И она не притворяется, она просто ничего не чувствует, не
переживает. И от меня отмахивается: давай по делу, мне надо пятерочное
сочинение написать. Дело дошло до ссоры. Моя сестра знает, что она
умная, гений прочтения инструкций к новым бытовым приборам, этикеток,
трудовых договоров. Действительно, отлично умеет фиксировать, но –
ничего через себя не пропуская. И ей досадно, что приходится выполнять
неконкретное задание: «Слушай, а учительница имеет право задавать нам
сочинение? Не знаешь, это есть в программе?»
Неприятный, конечно, ход. Но еще больше обидно, что нет
потребности высказаться. Я высказываюсь сама, она спрашивает, откуда я
все это взяла. Я говорю – из себя, но тут же понимаю, что лукавлю.
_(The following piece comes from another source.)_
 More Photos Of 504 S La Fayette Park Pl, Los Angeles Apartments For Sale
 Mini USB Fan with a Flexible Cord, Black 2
Я
помню наши уроки, наш класс, нашу учительницу литературы, которая,
когда мы были маленькие, портреты писателей прикрепляла около двери на
стену очень низко, на уровне наших глаз, и портреты были не какие-то, а
молодые – хотя над доской висели классики в тяжелых рамах, несменяемые.
И все это – споры о героях, слезы о стихах – было каких-то 10 лет назад!
Иллюзия вместо дороги
Но я не думаю, что дело только в учителе. В последние 10 лет
дети глобально изменились, и хочется осознать это изменение. Они живут
под большими ограничениями и дома, и в школе. Сестру родители
контролируют на все сто, одна гулять она не выходит. Школа буквально
влезла в дом, учителя в интернете и в телефоне каждый день. Этого не
было, но теперь так живут все. Когда я пытаюсь говорить об этом с
другими родителями, все охотно вспоминают, как они много и интересно
гуляли одни во дворах, во что играли, но быстро добавляют: сейчас
страшно выпустить ребенка одного даже в магазин, кругом преступность.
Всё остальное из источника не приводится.